* **Activity**
Using the listing below, copy exactly each line from the one that has "Jordan Brand 2007" through the one that has "фото №9, Набір"; omit the pictures.

* **Material provided**
---
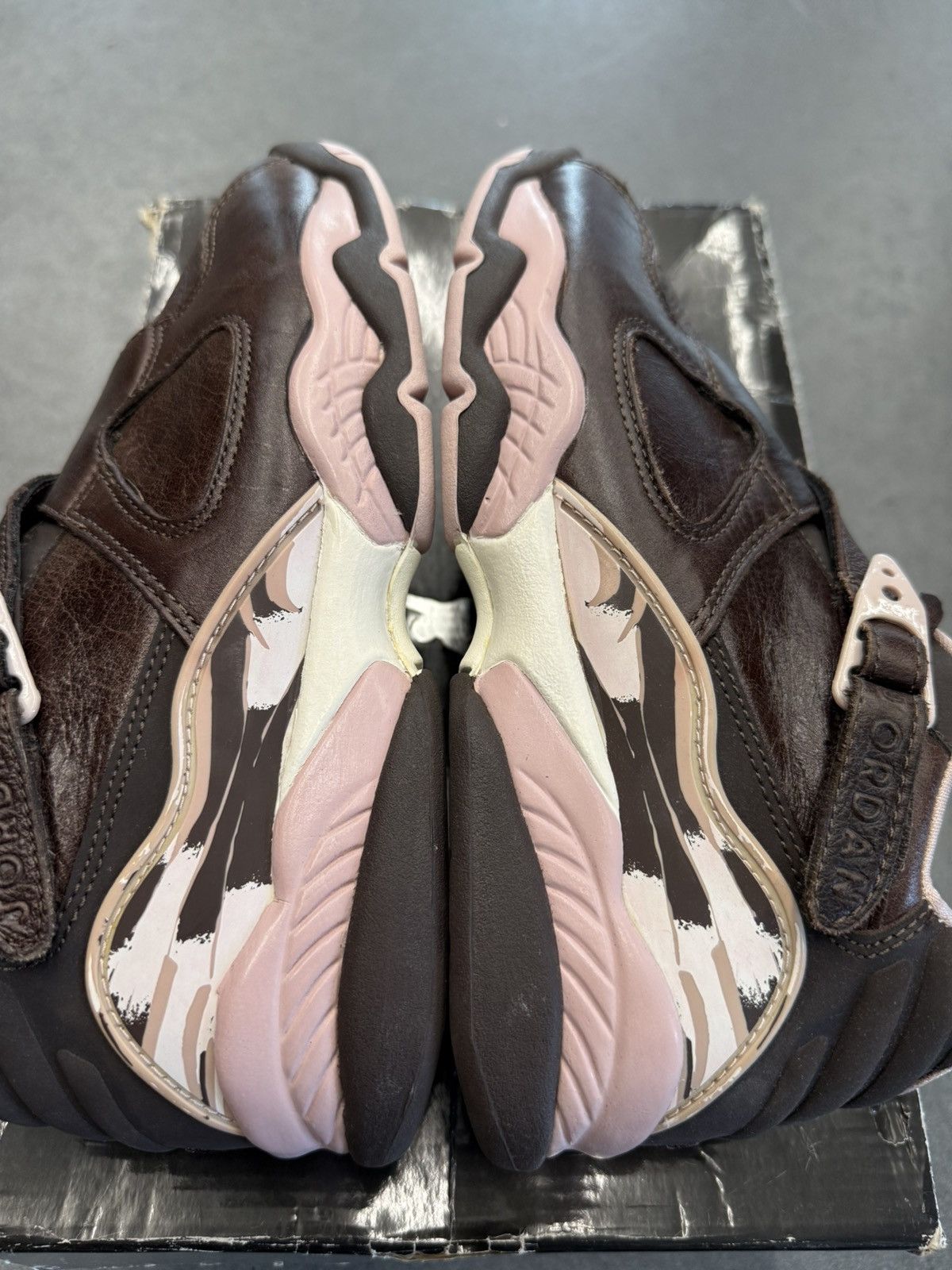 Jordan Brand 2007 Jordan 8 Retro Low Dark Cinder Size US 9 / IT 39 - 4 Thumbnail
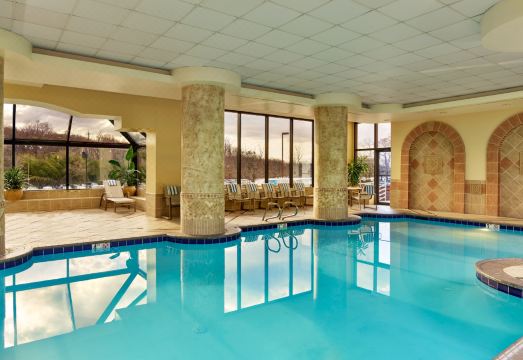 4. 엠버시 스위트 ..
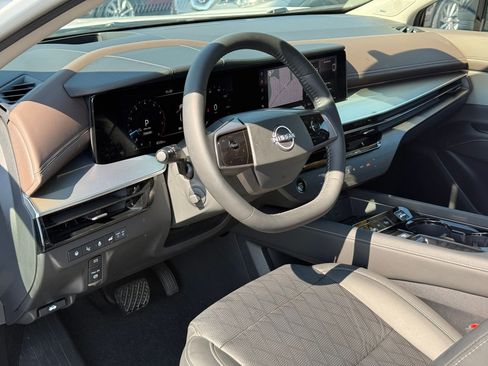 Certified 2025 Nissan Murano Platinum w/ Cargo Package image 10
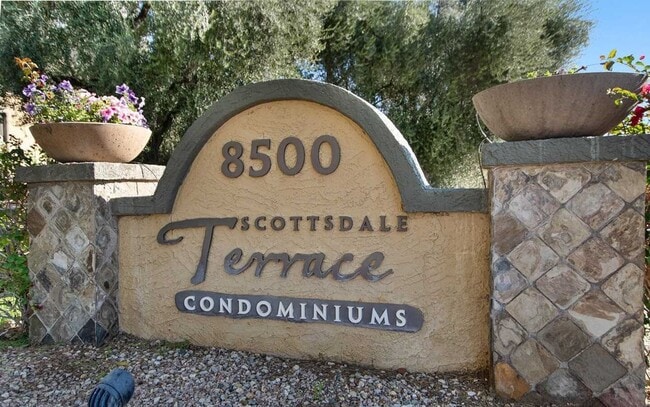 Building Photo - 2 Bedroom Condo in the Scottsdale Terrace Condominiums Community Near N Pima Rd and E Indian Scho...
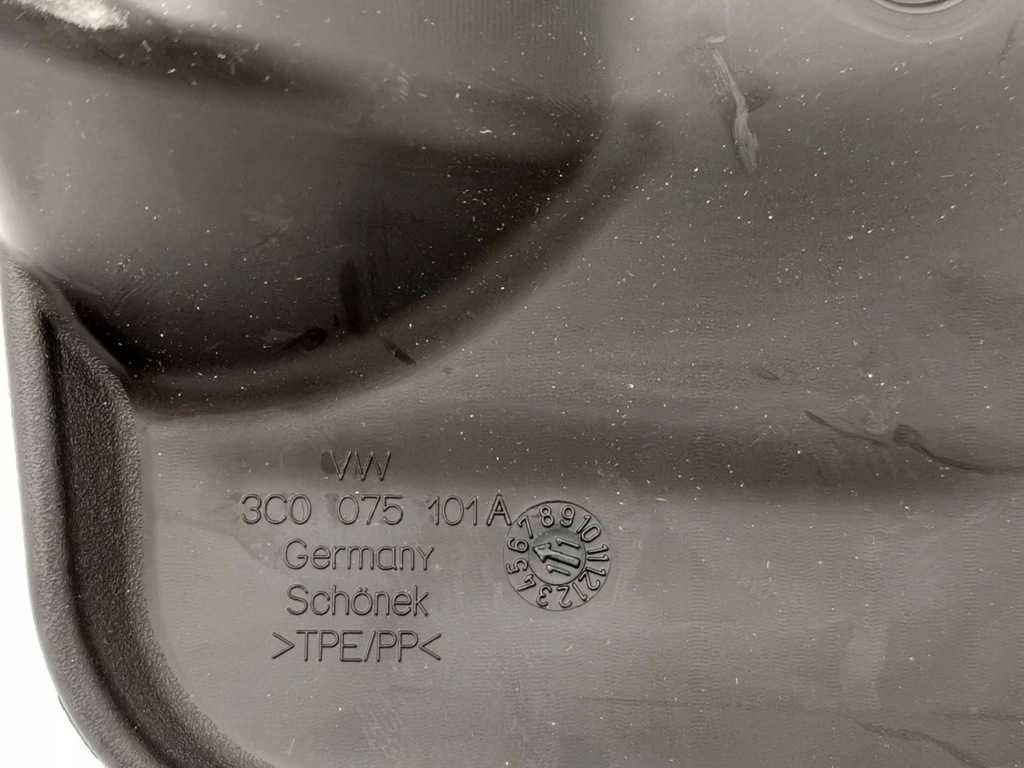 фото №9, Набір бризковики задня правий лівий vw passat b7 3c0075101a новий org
---
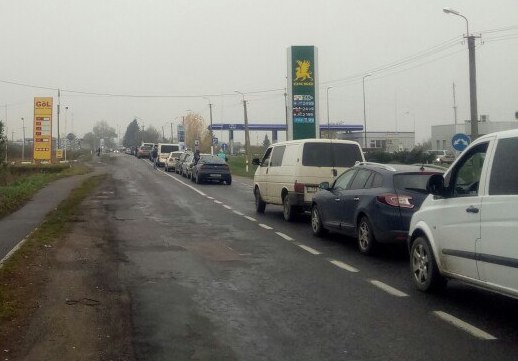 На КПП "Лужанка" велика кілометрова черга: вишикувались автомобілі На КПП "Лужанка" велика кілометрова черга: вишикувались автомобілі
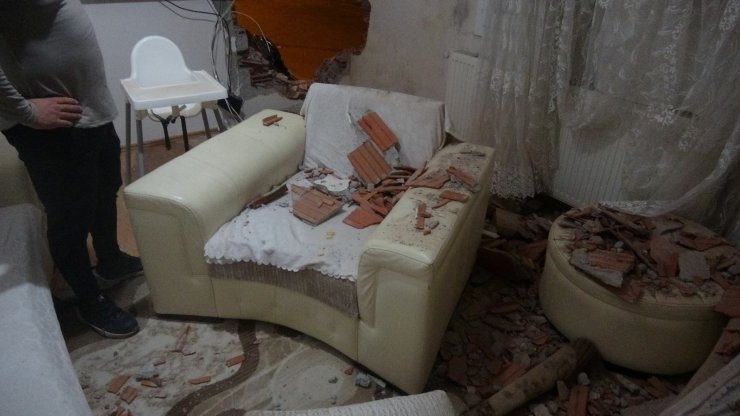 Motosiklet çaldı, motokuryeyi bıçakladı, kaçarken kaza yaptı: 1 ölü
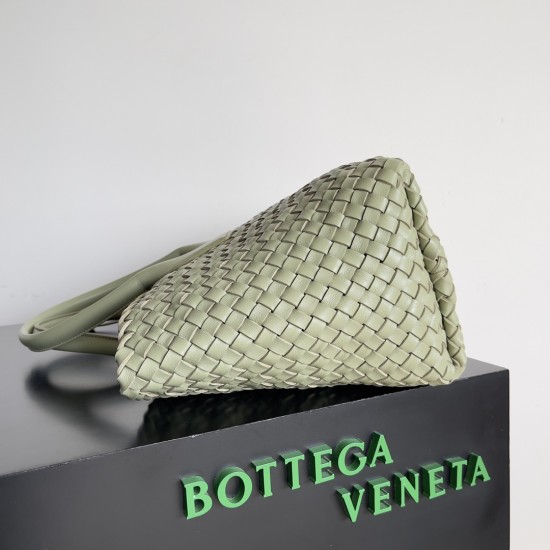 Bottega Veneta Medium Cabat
---
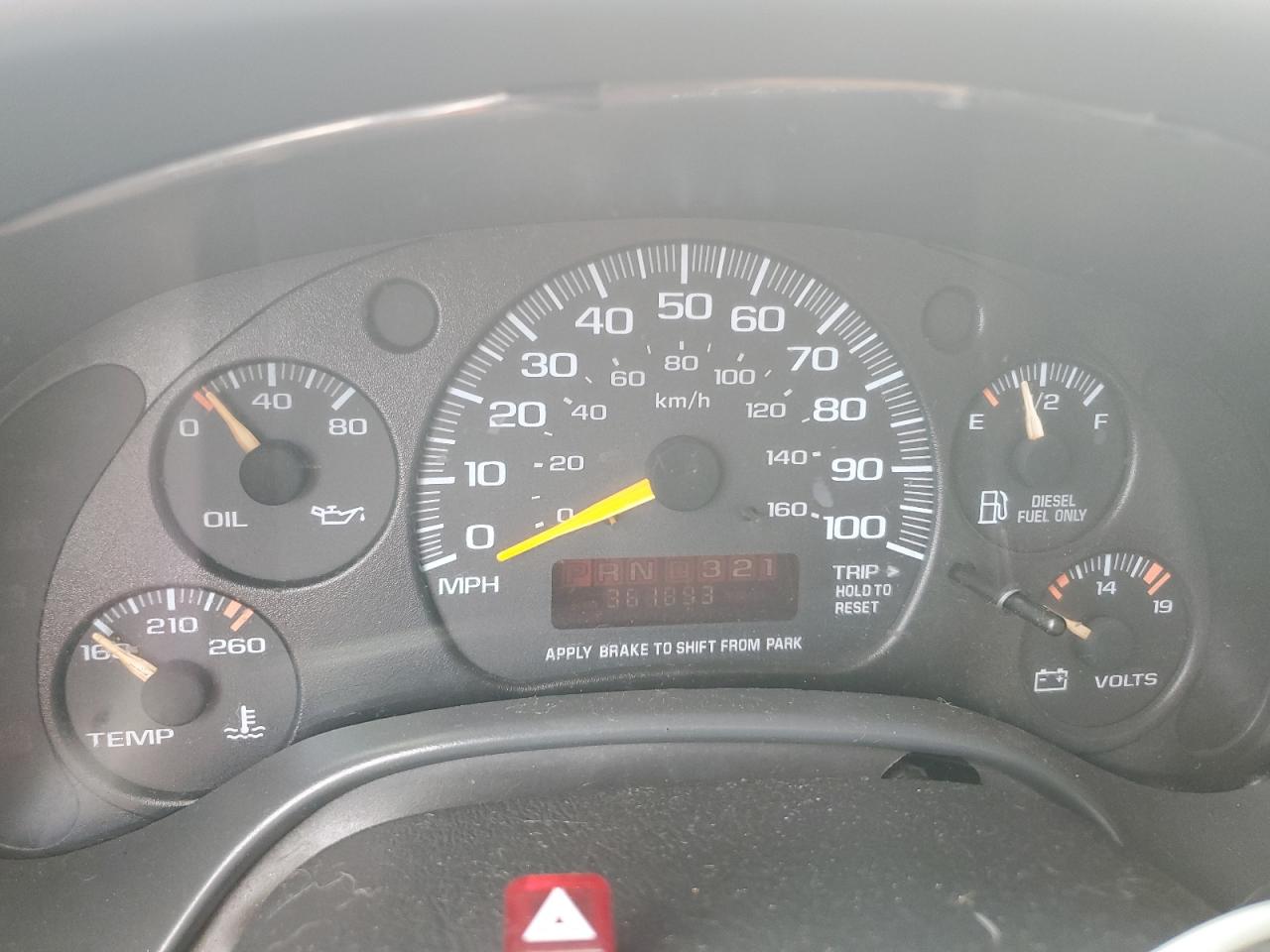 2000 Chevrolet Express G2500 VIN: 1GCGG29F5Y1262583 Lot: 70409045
---
* **Finished exercise**
 Jordan Brand 2007 Jordan 8 Retro Low Dark Cinder Size US 9 / IT 39 - 4 Thumbnail
 4. 엠버시 스위트 ..
 Certified 2025 Nissan Murano Platinum w/ Cargo Package image 10
 Building Photo - 2 Bedroom Condo in the Scottsdale Terrace Condominiums Community Near N Pima Rd and E Indian Scho...
 фото №9, Набір бризковики задня правий лівий vw passat b7 3c0075101a новий org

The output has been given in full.